Mr McCORMACK (Riverina) (20:35): I am opposed to this private member's bill. As you would expect, I canvass the views of the Riverina electorate, which I serve, on a daily basis. I receive feedback on a variety of issues. I have received an enormous amount of correspondence on the issue of same-sex marriage, almost all of it from outside the electorate. The correspondence I have received, most of it in email form, has presented a range of different positions.

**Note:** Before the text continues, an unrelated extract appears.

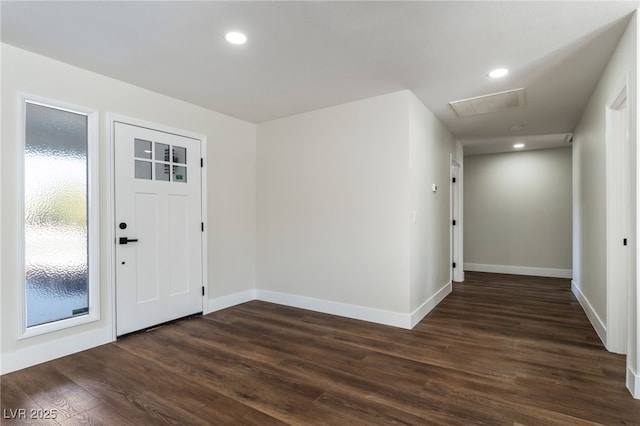 entryway with dark hardwood / wood-style floors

I recognise that there are passionately held views on both sides of this debate. I have met with members of the national Parents and Friends of Lesbians and Gays and a number of local advocates for same-sex marriages as well as with members of the community who staunchly oppose same-sex marriage. I should add that overwhelmingly in all of the Riverina correspondence I have received, as well as an electorate-wide survey mid-last year, the level of opinion has been in favour of the retention of the Marriage Act in its current form. Indeed, of the 1,700 respondents to the survey collated thus far, the results were: 78.3 per cent against same-sex marriage; 17.7 percentage favour; and 3.9 per cent uncertain. On September 19 last year the lower House of the Australian parliament voted down the member for Throsby's private member's bill regarding sex same-sex marriage, 98 to 42.

Whilst obviously I always consider the views of Riverina constituents expressed in letters, conversations and many other forms of communication, it is my personal view that marriage is a union between a man and a woman. As it stands today, I do not support any change to Commonwealth law which would diminish this institution. I believe that people are entitled to freedom of religion, respect, dignity, and the opportunity to participate in society and receive the protection of the law regardless of their sexuality. I remain committed to the Australian tradition of tolerance and respect. I therefore support the recognition of legal rights within same-sex relationships.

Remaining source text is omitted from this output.